Les salariés ont-ils été trompés? "C'est l'évidence", a répondu François Ruffin sur BFMTV: "Emmanuel Macron était venu à l'automne 2017, et devant toutes les caméras et micros du pays il avait assuré qu'il y aurait un avenir industriel, qu'il n'y aurait pas de souci, que ce serait un formidable cluster".

"Nous avons alerté très tôt, dès l'automne dernier, pour dire que les salariés n'avaient pas de travail à l'intérieur de l'entreprise et en étaient réduits à faire du nettoyage et du jardinage", a-t-il ajouté.

"Nous avons envoyé des courriers à l'Elysée, au ministère du Travail, à la préfecture, nous avons eu zéro réponse. Nous demandions à ce qu'il y ait un comité de suivi, que l'Etat s'implique dans le dossier pour analyser le marché", a raconté François Ruffin.

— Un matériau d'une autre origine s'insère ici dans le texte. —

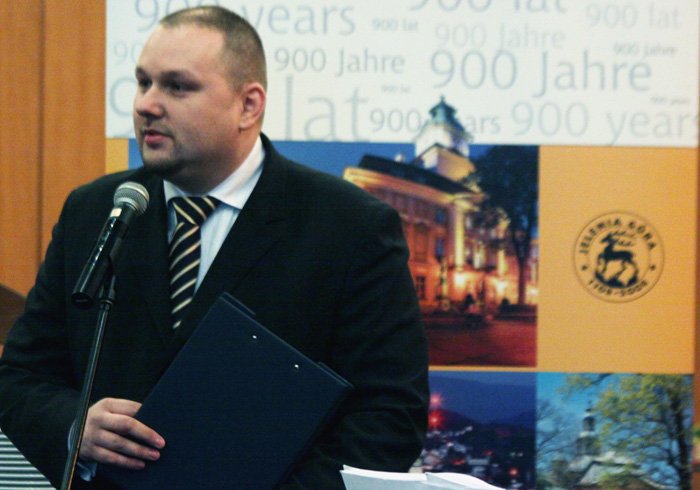 Jerzy Zębik z urzędu miasta otwiera uroczystość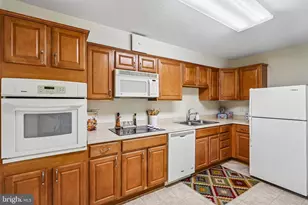 5901 Mt Eagle Dr, Alexandria, VA 22303 - Photo 13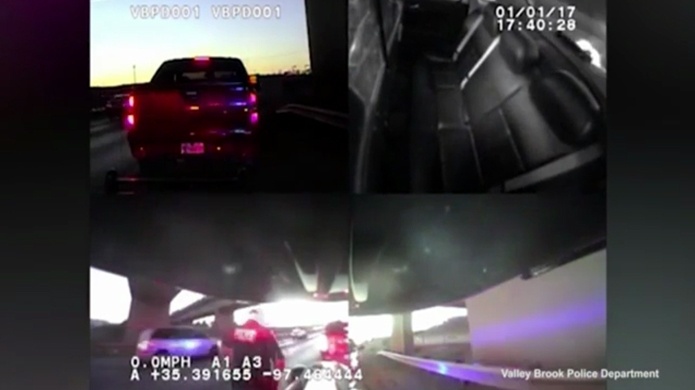 Video: Buenos samaritanos salvan la vida a policÃ­a que se desangraba tras ser baleado en autopista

"Il y a eu plus de six mois d'inaction", a-t-il critiqué, avant de demander: "Il faut une implication du président de la République en premier lieu et de l'argent sur la table, sinon pour créer des emplois sur le site parce que sans marché ça va être difficile, au moins pour qu'il y ait des possibilités de sortie pour les salariés, des formations, des propositions de reclassement".

Le 31 mai 2018, la société WN de Nicolas Decayeux avait repris 162 salariés sur les 282 que comptait l'usine de sèche-linge. En janvier 2017, lors de l'annonce de la fermeture de son site, Whirlpool employait encore 300 personnes en CDI, 250 intérimaires en quasi-temps plein et une centaine de personnes chez le sous-traitant pour les plastiques Prima-France.

La lutte des salariés de l'usine, devenue le symbole des délocalisations industrielles, s'était invitée dans la campagne présidentielle 2017 avec une passe d'armes sur place entre Emmanuel Macron et Marine Le Pen durant l'entre-deux-tours.